The completion API is nicer though, because you can (for example), not respond to a network request to update the database until the changes are flushed to disk.

hyc_symas · on April 3, 2023

Write barriers have been discussed for years and years. Personally I prefer grouped writes. https://www.spinics.net/lists/linux-fsdevel/msg70047.html

The underlying SCSI and SATA protocols would support this with command queueing. I would have envisioned using an fcntl() to set the current group ID on an fd.

josephg · on April 3, 2023

Grouped writes seem more or less equivalent to write barriers in terms of their semantics, but probably with 1 less syscall - which is nice. But I'd take any of these approaches over years of discussion & no solutions.

I wonder what it would take to actually implement this stuff in linux. A lot of work, sure - but far from impossible.

Thanks for lmdb btw! The design is lovely. I've used it in a couple projects, and I had a read through your code for inspiration while I was designing out a little storage engine for something I've been working on. Its delightful.

hyc_symas · on April 3, 2023

> Thanks for lmdb btw!

Thanks, that's great feedback! Happy to hear that you're both using it successfully and that you actually read the code and learned from it.

eru · on April 3, 2023

Yes, POSIX compatibility is the culprit for many of the issues we have with filesystems today.

The POSIX requirements were made in and for a different world.

For example they also completely break down for distributed network filesystems. (Or at least destroy your hope of performance.)

josephg · on April 3, 2023

POSIX doesn't stop linux from introducing new, non-posix APIs. Eg, io_uring isn't part of POSIX but linux has it anyway. As far as I can tell, an API for write barriers, grouped writes, transactional writes or iocp should be able to work alongside the POSIX API just fine. Its just another API for writing files which user programs can opt in to using.

eru · on April 3, 2023

Yes, though for most practical file systems you still get hit by essentially having to also provide a POSIX compatible API.

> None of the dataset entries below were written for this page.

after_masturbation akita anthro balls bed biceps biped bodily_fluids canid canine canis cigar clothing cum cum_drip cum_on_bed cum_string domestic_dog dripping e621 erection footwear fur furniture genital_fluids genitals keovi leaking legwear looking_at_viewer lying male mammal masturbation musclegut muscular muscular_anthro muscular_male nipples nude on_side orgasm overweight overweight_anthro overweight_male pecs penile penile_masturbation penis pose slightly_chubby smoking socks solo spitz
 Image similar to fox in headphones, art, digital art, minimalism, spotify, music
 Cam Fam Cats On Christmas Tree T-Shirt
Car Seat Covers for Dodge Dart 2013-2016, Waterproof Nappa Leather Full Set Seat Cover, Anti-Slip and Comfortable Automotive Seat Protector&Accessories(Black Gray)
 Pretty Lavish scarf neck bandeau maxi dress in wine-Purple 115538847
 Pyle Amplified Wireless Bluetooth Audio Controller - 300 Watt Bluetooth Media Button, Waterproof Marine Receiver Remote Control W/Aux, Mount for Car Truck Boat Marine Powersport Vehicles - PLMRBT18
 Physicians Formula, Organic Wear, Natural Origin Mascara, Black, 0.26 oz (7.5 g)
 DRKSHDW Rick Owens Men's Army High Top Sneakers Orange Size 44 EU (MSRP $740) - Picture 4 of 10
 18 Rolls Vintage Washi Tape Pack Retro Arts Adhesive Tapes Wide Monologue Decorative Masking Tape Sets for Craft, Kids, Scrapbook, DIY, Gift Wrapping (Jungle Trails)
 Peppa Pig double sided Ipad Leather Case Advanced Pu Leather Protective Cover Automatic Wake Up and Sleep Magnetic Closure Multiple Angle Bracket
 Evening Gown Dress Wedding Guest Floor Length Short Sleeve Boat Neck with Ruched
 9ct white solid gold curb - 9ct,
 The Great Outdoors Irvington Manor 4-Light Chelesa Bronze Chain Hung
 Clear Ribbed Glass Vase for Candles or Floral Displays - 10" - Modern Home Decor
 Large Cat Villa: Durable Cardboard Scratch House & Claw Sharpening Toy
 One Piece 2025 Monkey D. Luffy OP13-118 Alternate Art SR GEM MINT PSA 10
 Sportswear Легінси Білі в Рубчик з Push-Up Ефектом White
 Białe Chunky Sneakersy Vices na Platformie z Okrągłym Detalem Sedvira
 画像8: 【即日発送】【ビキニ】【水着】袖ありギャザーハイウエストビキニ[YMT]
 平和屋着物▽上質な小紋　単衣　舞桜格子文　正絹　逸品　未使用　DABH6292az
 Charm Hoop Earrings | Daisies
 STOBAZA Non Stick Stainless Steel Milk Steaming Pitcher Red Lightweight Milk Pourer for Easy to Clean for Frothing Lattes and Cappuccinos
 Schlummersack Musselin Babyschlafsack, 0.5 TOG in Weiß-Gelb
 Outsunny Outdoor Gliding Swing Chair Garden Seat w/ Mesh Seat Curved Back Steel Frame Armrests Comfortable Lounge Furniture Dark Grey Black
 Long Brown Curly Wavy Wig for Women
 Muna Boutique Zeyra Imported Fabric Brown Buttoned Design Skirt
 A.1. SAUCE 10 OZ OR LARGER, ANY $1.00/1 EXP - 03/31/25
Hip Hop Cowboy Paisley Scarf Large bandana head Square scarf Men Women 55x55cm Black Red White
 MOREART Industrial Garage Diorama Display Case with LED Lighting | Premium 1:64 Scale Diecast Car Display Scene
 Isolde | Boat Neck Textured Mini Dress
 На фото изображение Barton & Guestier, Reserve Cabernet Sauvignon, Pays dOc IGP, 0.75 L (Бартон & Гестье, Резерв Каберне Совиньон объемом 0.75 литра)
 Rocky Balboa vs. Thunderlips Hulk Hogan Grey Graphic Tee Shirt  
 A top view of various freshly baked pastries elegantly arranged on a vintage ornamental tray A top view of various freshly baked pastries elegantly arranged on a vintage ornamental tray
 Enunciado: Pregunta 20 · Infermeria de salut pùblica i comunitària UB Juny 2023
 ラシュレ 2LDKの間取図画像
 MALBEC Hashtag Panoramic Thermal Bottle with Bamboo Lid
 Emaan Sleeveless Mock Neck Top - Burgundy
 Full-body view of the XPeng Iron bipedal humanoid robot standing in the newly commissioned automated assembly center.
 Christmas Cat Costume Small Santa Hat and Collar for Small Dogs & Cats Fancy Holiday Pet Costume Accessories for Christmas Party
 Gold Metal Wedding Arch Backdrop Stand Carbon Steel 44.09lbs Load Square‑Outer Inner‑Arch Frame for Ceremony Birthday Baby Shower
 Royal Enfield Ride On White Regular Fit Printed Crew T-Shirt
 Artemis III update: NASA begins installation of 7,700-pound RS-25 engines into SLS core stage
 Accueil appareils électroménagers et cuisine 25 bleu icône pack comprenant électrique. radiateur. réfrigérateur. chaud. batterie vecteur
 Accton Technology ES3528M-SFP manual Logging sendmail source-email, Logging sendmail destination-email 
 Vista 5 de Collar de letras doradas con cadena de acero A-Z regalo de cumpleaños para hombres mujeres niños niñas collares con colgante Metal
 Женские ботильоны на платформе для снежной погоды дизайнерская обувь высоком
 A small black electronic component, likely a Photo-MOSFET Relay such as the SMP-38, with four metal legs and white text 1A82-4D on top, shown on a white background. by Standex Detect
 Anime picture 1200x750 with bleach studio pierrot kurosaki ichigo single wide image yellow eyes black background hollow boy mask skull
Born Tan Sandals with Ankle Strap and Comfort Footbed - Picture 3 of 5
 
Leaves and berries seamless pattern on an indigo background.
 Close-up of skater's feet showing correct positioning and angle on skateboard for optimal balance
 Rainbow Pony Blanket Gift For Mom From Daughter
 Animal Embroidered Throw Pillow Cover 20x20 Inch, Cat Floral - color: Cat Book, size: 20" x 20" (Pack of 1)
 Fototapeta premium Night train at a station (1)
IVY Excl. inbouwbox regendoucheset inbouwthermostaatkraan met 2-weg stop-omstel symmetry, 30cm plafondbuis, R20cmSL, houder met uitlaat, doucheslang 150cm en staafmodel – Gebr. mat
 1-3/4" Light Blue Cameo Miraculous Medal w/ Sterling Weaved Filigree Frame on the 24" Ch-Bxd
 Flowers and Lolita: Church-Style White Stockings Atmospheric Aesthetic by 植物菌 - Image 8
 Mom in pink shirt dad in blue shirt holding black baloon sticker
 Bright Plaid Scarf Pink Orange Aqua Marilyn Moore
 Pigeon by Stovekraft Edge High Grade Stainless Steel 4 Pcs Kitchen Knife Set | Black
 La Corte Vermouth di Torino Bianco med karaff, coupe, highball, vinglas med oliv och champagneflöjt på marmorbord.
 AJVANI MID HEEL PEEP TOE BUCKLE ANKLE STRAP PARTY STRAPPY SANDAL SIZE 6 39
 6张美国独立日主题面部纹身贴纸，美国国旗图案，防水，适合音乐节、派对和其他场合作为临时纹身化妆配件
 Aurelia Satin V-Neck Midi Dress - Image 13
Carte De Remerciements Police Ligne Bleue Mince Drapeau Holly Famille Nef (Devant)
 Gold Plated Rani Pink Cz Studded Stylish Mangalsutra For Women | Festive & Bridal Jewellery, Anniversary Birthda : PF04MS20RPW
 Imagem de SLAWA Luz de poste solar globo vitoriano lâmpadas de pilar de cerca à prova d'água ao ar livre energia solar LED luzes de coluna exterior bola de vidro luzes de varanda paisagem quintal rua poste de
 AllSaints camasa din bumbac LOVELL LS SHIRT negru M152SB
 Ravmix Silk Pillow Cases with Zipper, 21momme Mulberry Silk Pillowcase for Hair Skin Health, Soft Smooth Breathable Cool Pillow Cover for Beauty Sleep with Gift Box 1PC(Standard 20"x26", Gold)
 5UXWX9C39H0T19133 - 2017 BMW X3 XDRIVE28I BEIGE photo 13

bheadmaster · on April 3, 2023

They break down performance for programs that expect zero-latency filesystem and access it in C-style sequential fashion. If we rewrite all UNIX utilities to be concurrent by default, the file API wouldn't make things that much worse.

transactional · on April 3, 2023

It’s interesting to me that in the original proposal for fixing fsync to actually be durable (https://lwn.net/Articles/270891/), there was thought given to the desire for a non-flushing write barrier (ctrl-f SYNC_FILE_RANGE_NO_FLUSH), but it appears that it never got implemented.

mananaysiempre · on April 3, 2023

> Along with this, you need async I/O. This is primarily for log files and managed files. When you do a write, you get two callbacks, one when the buffer has been copied, and one when the data has been committed to permanent storage and will survive a crash.

This is what you want if you need to communicate the durability guarantee to the outside world, but if you’re just trying to enforce some consistency guarantees for internal purposes (e.g. transaction journal write goes out before data write), callbacks impose an unnecessary CPU-disk-CPU roundtrip. That’s what Featherstitch[1] was trying to avoid. Or is that not worth it?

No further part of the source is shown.